--- Exercise ---
Read the entries below and pull out each line with the string "game".

+++

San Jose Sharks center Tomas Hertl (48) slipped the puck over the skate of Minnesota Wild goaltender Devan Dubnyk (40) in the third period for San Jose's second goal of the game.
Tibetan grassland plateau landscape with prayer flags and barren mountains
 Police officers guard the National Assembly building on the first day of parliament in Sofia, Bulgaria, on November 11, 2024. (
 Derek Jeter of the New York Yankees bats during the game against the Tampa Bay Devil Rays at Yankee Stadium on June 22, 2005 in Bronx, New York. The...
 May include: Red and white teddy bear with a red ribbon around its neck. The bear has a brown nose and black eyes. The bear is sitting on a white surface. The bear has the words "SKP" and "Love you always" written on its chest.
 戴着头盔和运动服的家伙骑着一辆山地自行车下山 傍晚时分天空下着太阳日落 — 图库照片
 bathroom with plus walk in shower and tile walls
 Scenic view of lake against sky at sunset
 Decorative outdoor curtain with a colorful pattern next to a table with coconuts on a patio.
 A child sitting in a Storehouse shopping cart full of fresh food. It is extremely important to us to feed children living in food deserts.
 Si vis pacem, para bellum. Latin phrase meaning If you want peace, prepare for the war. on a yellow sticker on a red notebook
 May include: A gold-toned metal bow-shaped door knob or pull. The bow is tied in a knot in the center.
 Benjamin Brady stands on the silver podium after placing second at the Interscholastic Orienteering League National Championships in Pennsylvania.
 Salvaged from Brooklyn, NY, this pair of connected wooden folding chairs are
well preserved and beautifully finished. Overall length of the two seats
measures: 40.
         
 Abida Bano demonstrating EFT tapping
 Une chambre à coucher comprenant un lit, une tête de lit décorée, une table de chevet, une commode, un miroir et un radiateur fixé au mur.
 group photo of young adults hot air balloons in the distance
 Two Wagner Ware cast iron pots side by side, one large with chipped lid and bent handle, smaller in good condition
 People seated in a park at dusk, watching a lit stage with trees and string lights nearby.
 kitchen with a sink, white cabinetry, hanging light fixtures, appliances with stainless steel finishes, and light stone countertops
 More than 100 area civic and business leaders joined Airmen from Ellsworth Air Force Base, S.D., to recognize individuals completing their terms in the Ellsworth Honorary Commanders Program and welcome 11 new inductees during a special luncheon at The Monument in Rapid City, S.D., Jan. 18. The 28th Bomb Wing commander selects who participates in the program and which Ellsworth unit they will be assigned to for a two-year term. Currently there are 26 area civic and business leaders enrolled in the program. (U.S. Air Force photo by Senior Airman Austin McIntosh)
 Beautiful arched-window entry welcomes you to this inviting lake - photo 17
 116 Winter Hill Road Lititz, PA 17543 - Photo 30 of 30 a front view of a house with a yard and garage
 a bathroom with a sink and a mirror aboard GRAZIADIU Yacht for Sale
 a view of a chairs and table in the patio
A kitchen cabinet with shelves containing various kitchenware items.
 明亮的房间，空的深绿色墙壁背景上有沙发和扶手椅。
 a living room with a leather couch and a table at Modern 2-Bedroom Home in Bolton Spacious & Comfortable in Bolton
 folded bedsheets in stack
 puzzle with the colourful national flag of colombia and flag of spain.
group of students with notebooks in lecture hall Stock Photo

+++

--- Answer box ---
San Jose Sharks center Tomas Hertl (48) slipped the puck over the skate of Minnesota Wild goaltender Devan Dubnyk (40) in the third period for San Jose's second goal of the game.
 Derek Jeter of the New York Yankees bats during the game against the Tampa Bay Devil Rays at Yankee Stadium on June 22, 2005 in Bronx, New York. The...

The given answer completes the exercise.